- TASK DIRECTIONS -
Where the material below has a line containing "Please don't forget", start repeating exactly, and keep going through the line containing "Acidic oxides are", with no other lines.

── SUPPLIED RECORDS ──

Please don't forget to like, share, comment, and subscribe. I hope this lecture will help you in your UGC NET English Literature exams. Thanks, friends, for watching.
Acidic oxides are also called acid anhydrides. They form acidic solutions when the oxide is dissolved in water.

───
── SUPPLIED RECORDS ──

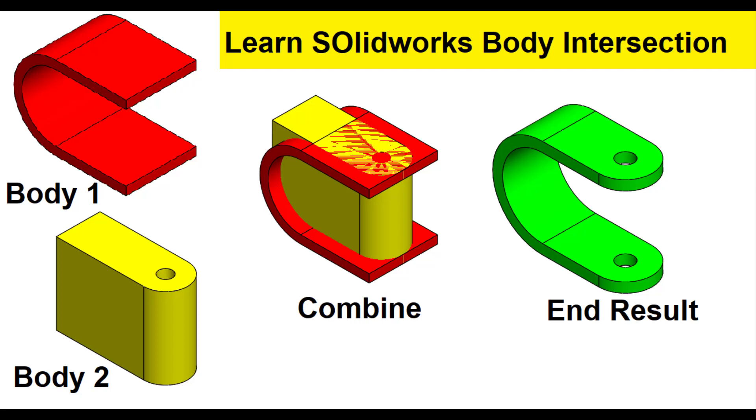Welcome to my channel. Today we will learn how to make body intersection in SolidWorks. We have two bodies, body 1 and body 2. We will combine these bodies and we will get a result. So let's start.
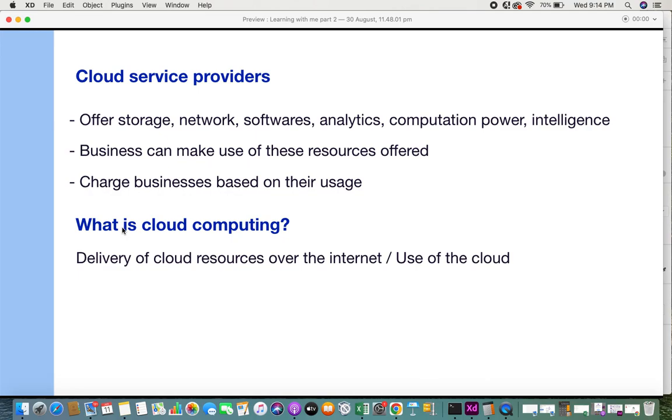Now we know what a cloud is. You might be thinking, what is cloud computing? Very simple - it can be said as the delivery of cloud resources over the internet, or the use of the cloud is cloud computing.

───

- THE COMPLETED TASK -
Please don't forget to like, share, comment, and subscribe. I hope this lecture will help you in your UGC NET English Literature exams. Thanks, friends, for watching.
Acidic oxides are also called acid anhydrides. They form acidic solutions when the oxide is dissolved in water.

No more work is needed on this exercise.